### REQUIRED WORK:
Using the records below, reproduce exactly the lines from the one containing "Tea pot icon." through the end, and nothing more; skip the images.

──────── ENTRIES SHOWN ────────

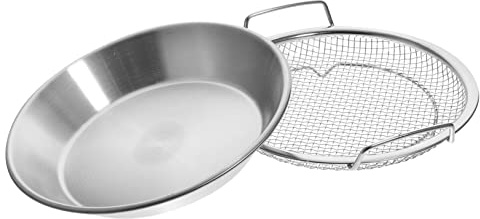ULTECHNOVO Bandeja Drenaje Aceite Freír De Acero Inoxidable Escurridor Para Fritos Con Malla Plato Para Servir Bocadillos Frutas Y Desayuno 8.26 X 7.87 X 1.57In 2 Piezas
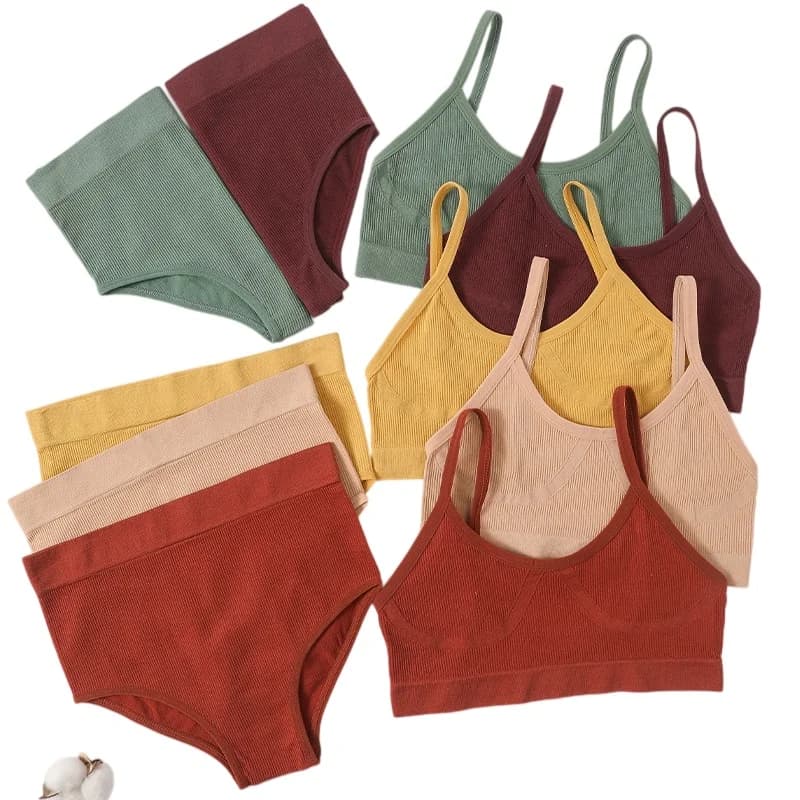 Ensemble soutien-gorge sans armatures et culotte pour femmes, soutien-gorge à dos en U, haut confortable, 3 styles assortis, culotte sexy, ensemble de lingerie côtelée.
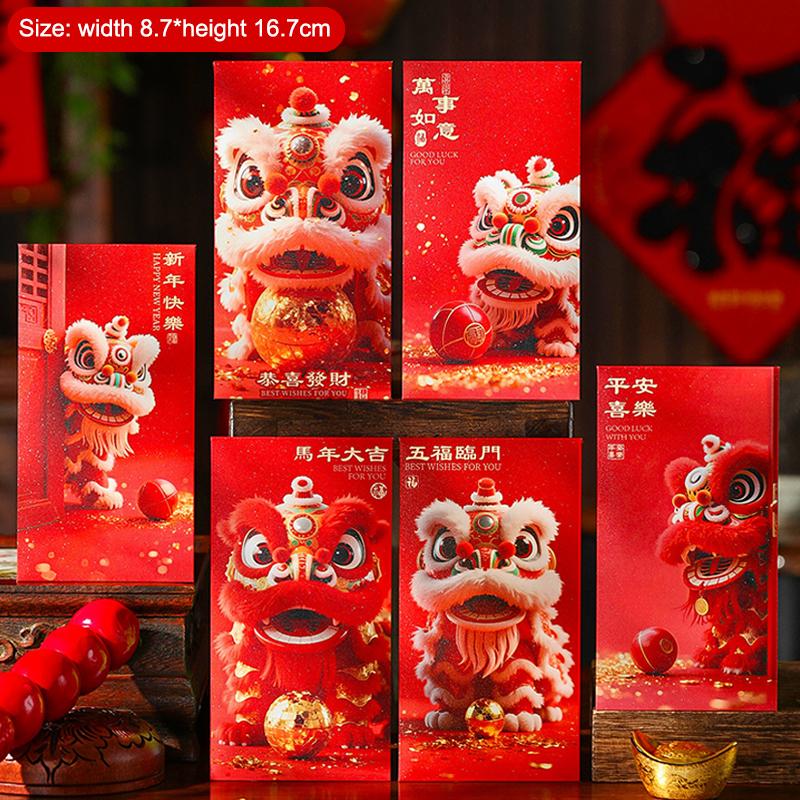 6Pcs Chinese  Year Money Envelope Lucky Red Pockets Creative Cartoon 2026 Horse Year Red Envelope Spring Festival Envelope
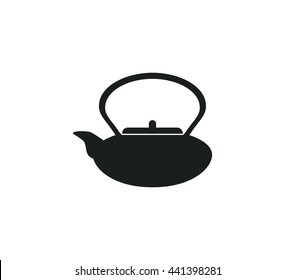 Tea pot icon.  Tea pot vector. Tea icon.  Chinese tea pot illustration.  Pot silhouette  vector. 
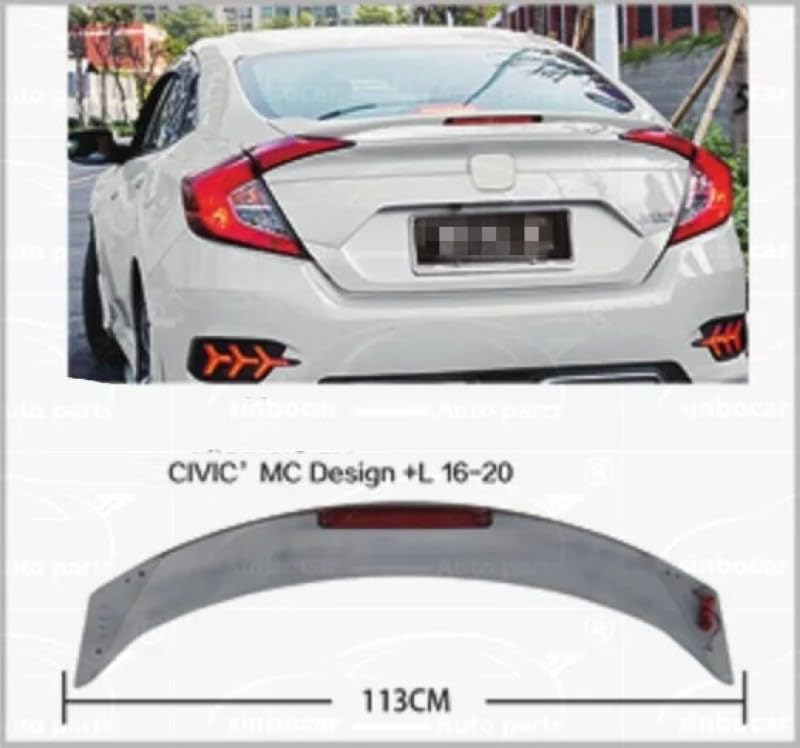 Car Craft Mid Trunk Wing Rear Spoiler Compatible with Honda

────────

### RESPONSE TO THE EXERCISE:
 Tea pot icon.  Tea pot vector. Tea icon.  Chinese tea pot illustration.  Pot silhouette  vector. 
 Car Craft Mid Trunk Wing Rear Spoiler Compatible with Honda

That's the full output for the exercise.